Pictures with short captions:
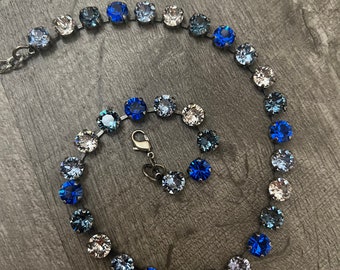 May include: A delicate necklace with a gradient of blue, gray, and clear crystals. The necklace is made of small, round crystals that are connected by silver-toned metal.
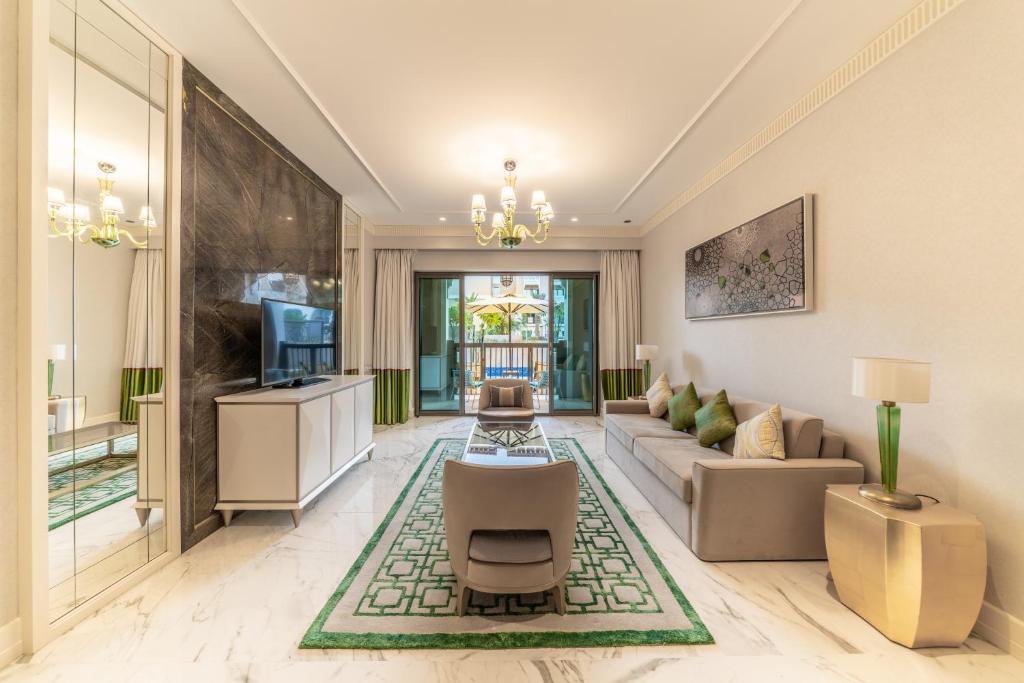 Mūsdienīgs viesistabas interjers ar elegantu dizainu, kurā ir dīvāns, TV un piekļuve balkonam. Telpā ir gaismas krēslus un dekoratīvas detaļas, radot patīkamu atmosfēru.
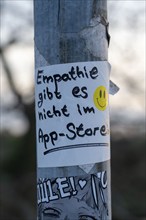 Sticker on a lamppost, empathy is not available in the app store, statement on more personal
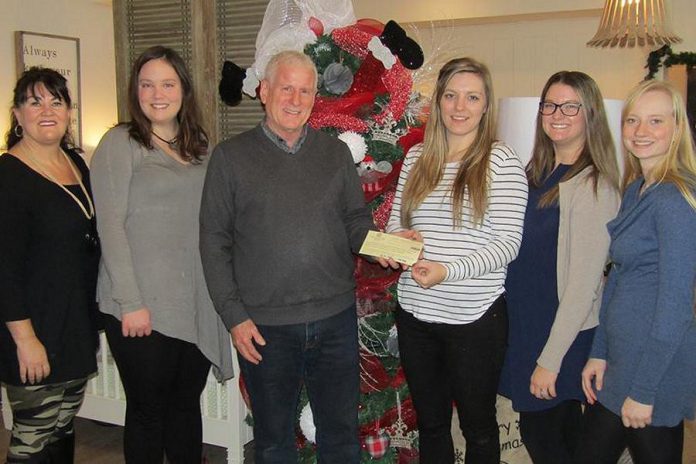 Peter Gallow of Ballantrae won the Kawartha Chamber of Commerce & Tourism's contest to promote its new website, and he's chosen to redeem his $1,000 gift certificate at Lakeshore Designs. Also pictured: Chamber 1st Vice President Cindy Windover, Marketing Committee Representative Eva Fisher, and staff from Lakeshore Designs.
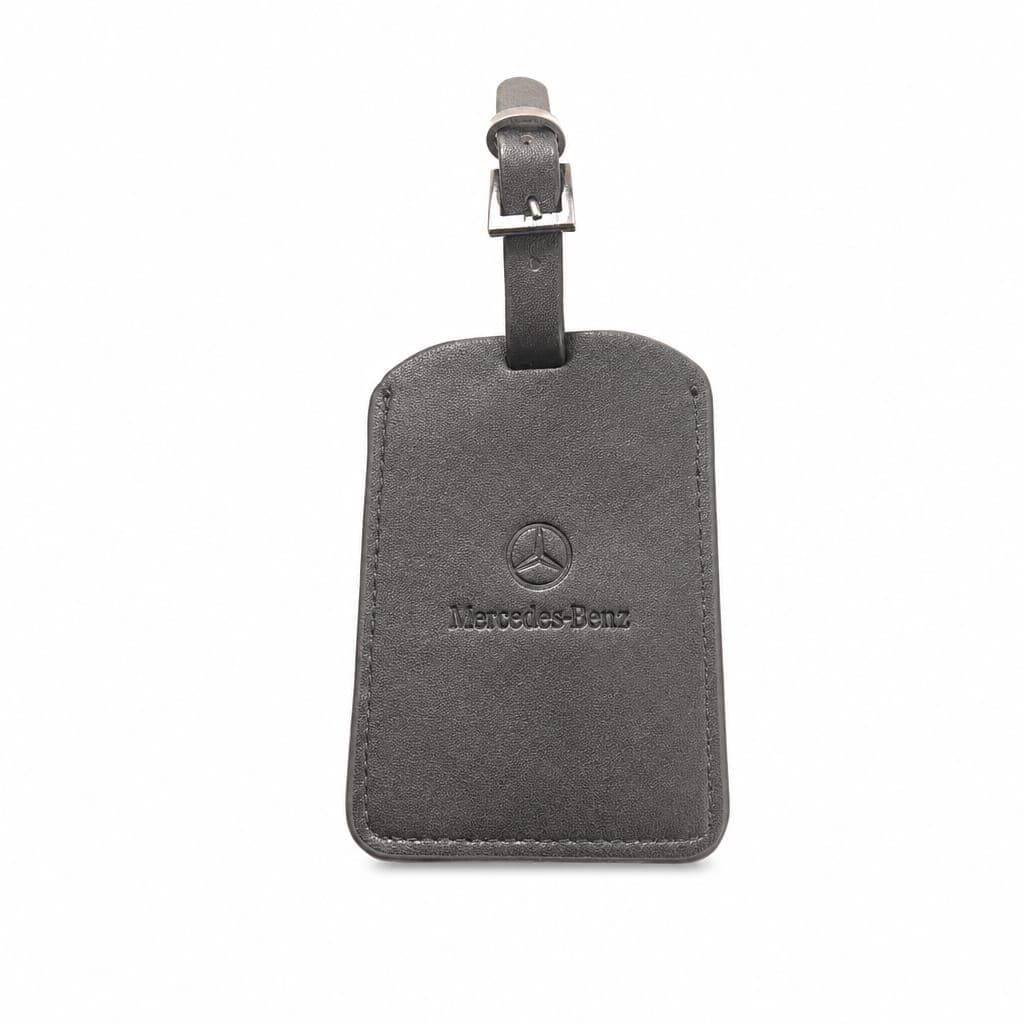 Charcoal-leather luggage tag with the three-pointed star and Mercedes-Benz word-mark debossed below it, finished with a polished steel buckle and stitched edge — designed and made by Sense2 for Mercedes-Benz.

● WHAT YOU ARE ASKED TO DO
Without the images, write out each line of the data verbatim.

● FINISHED EXERCISE
 May include: A delicate necklace with a gradient of blue, gray, and clear crystals. The necklace is made of small, round crystals that are connected by silver-toned metal.
 Mūsdienīgs viesistabas interjers ar elegantu dizainu, kurā ir dīvāns, TV un piekļuve balkonam. Telpā ir gaismas krēslus un dekoratīvas detaļas, radot patīkamu atmosfēru.
 Sticker on a lamppost, empathy is not available in the app store, statement on more personal
 Peter Gallow of Ballantrae won the Kawartha Chamber of Commerce & Tourism's contest to promote its new website, and he's chosen to redeem his $1,000 gift certificate at Lakeshore Designs. Also pictured: Chamber 1st Vice President Cindy Windover, Marketing Committee Representative Eva Fisher, and staff from Lakeshore Designs.
 Charcoal-leather luggage tag with the three-pointed star and Mercedes-Benz word-mark debossed below it, finished with a polished steel buckle and stitched edge — designed and made by Sense2 for Mercedes-Benz.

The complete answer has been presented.